Opinion
No. 104161.
01-12-2017
Russell S. Bensing, Cleveland, OH, for Appellant. Michael C. O'Malley, Cuyahoga County Prosecutor by Edward D. Brydle, Brett Hammond, Assistant County Prosecutors, Cleveland, OH, for Appellee.
Russell S. Bensing, Cleveland, OH, for Appellant.Michael C. O'Malley, Cuyahoga County Prosecutor by Edward D. Brydle, Brett Hammond, Assistant County Prosecutors, Cleveland, OH, for Appellee.
Before: JONES, P.J., BOYLE, J., and LASTER MAYS, J.
LARRY A. JONES, SR., P.J.
{¶ 1} Defendant-appellant Walter Pollock appeals his convictions on 27 felony counts of pandering obscenity, which were rendered after a jury trial. We affirm.

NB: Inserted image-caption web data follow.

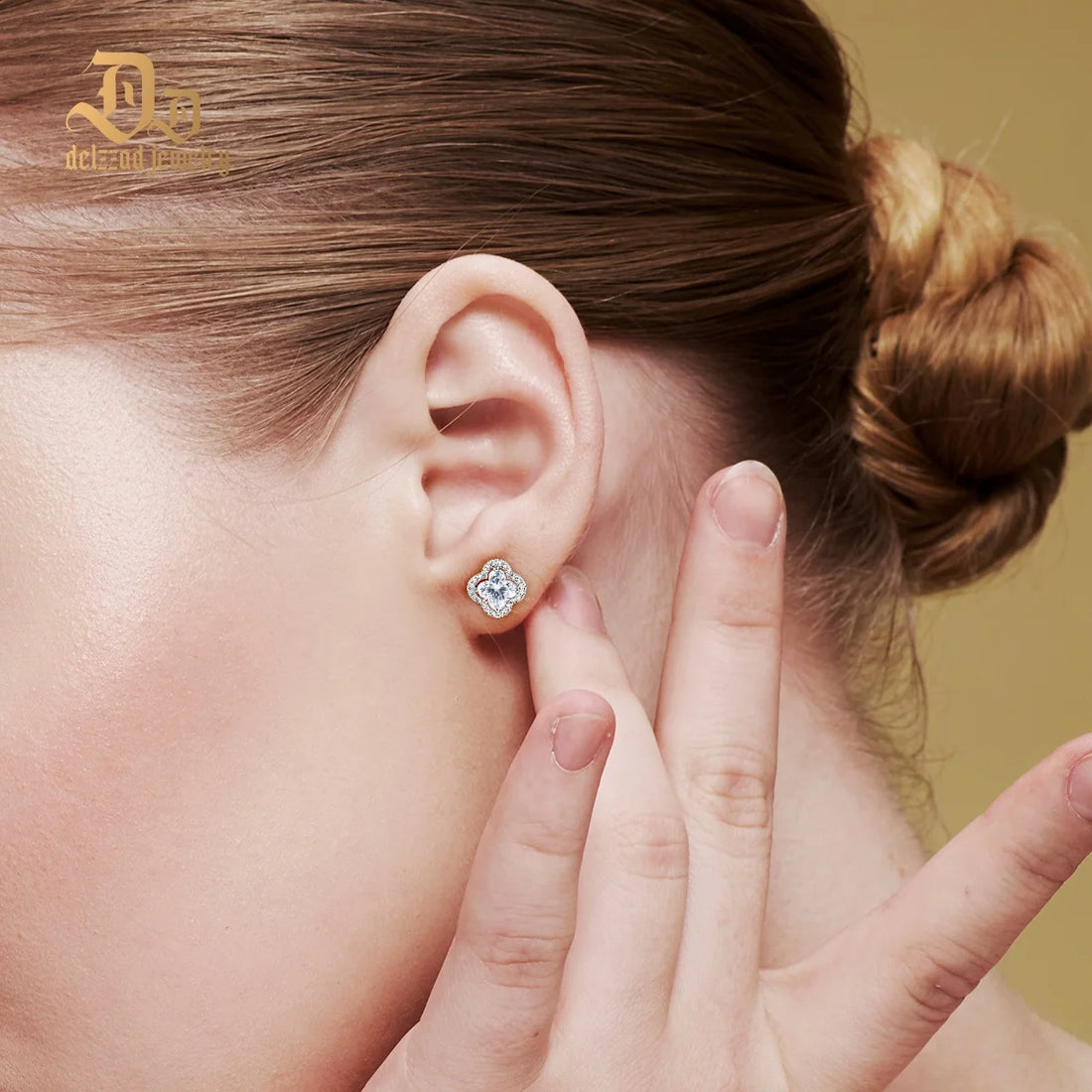 Moissanite VVS1 D Color Women's Botanical Collection Earrings 925 Sterling Silver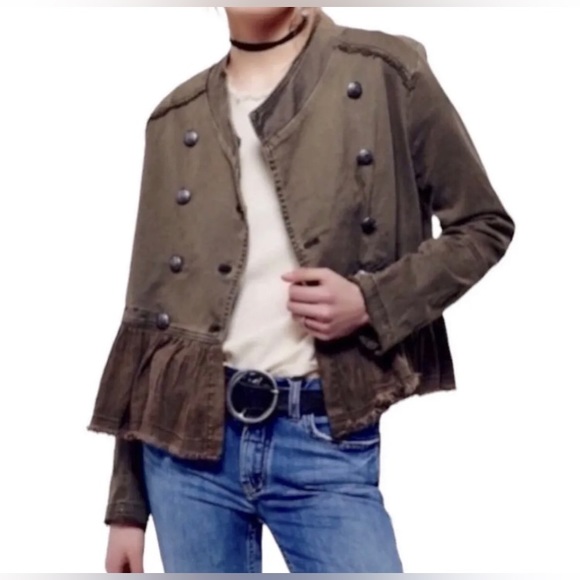 FREE PEOPLE Womens Olive Green Military Ruffle Hem Jacket Size XS - Picture 4 of 13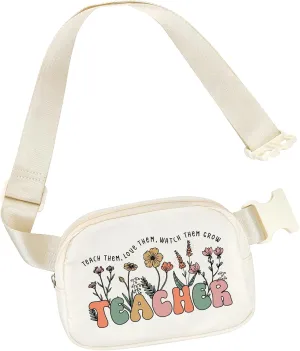 Lamyba Teacher Appreciation Gifts Teacher Gifts for Women Waterproof Fanny Pack for Women Adjustable Strap Waist Pack Crossbody Bag Lightweight Travel Bag for Teacher Beige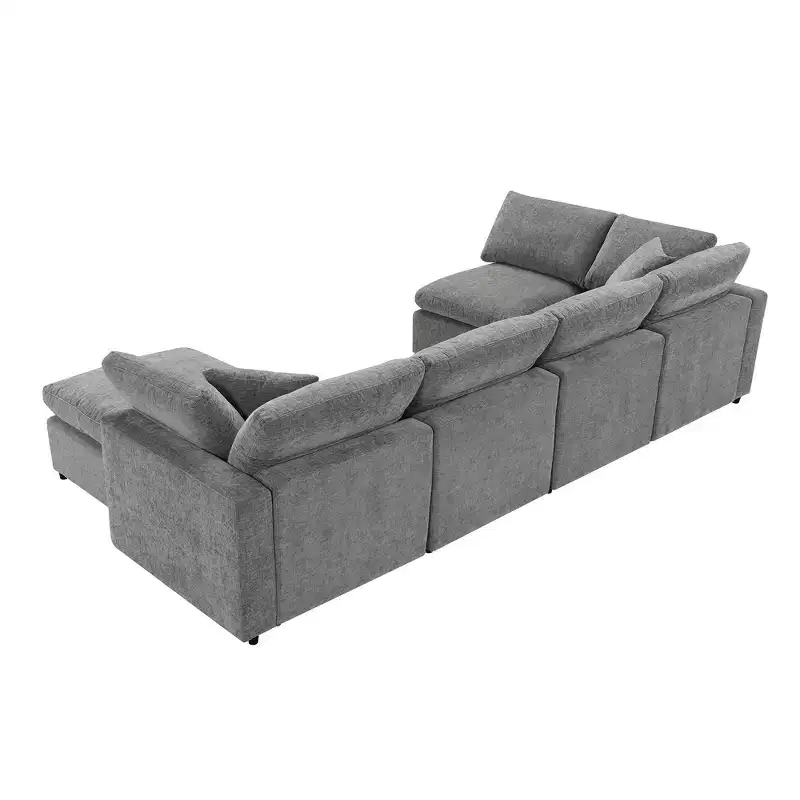 Canapé-lit modulaire 6 places en chenille Polibi avec ottoman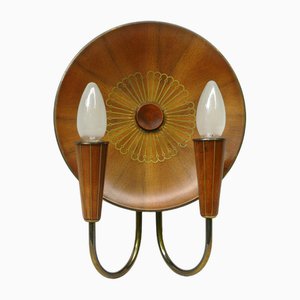 Sunburst Wall Light in Wood & Brass from Temde, 1950s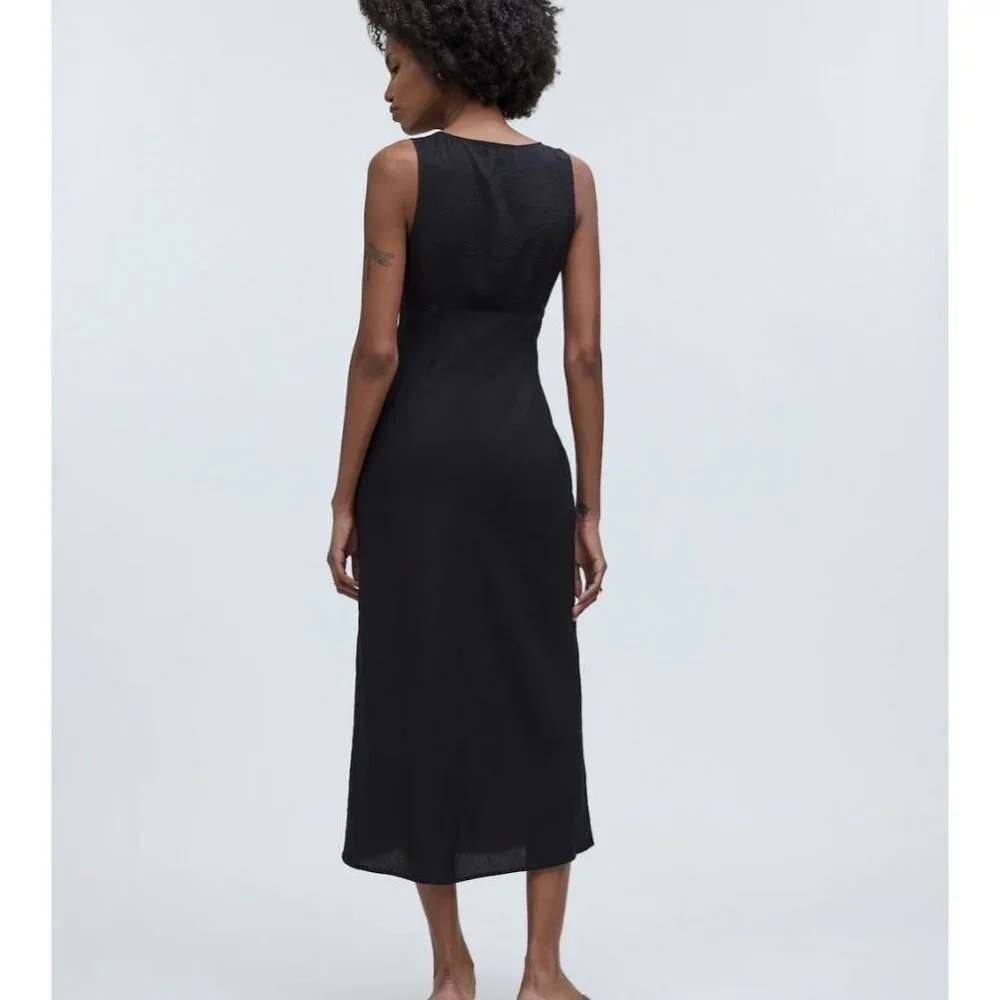 MADEWELL The Ariana Midi Dress Black NWT - Picture 3 of 8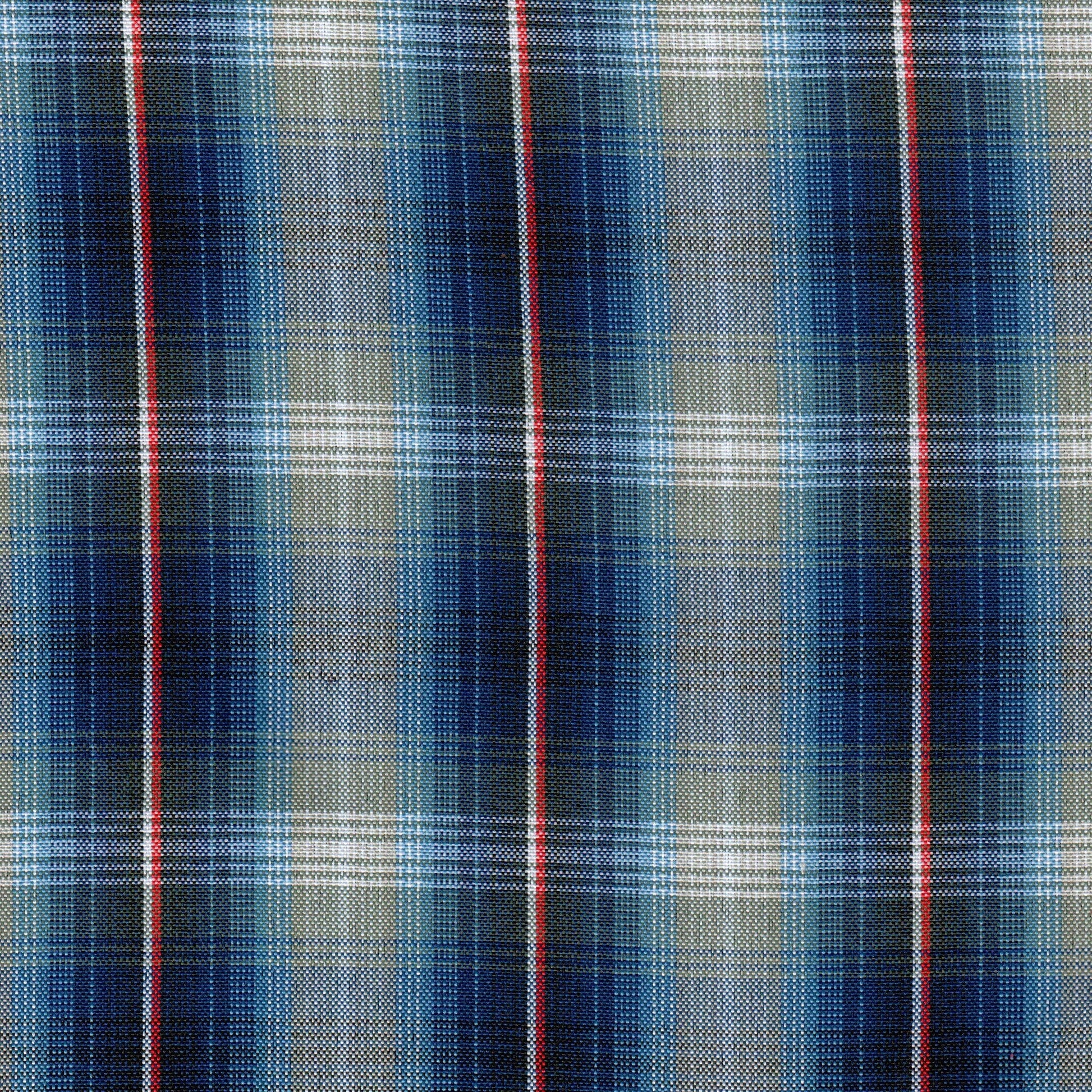 Tela escocesa de poliéster SchoolLine, cuadros azules con líneas rojas, ideal para uniformes escolares e institucionales.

{¶ 2} Pollack was charged in August 2015 with 52 crimes related to three victims: L.T., P.A., and C.B. The victims, as well as Pollock, worked for the Defense Finance Accounting Service ("DFAS"), which was located in the federal building in downtown Cleveland. In addition to pandering obscenity, Pollock was also convicted on numerous counts of menacing by stalking, telecommunications harassment, and public indecency. He was sentenced to six months in jail, two years of community control sanctions, and was labeled as a tier 1 sex offender.
Of the 52 indicted counts, two counts were dismissed pursuant to a Crim.R. 29 motion, and the jury acquitted Pollock on three counts.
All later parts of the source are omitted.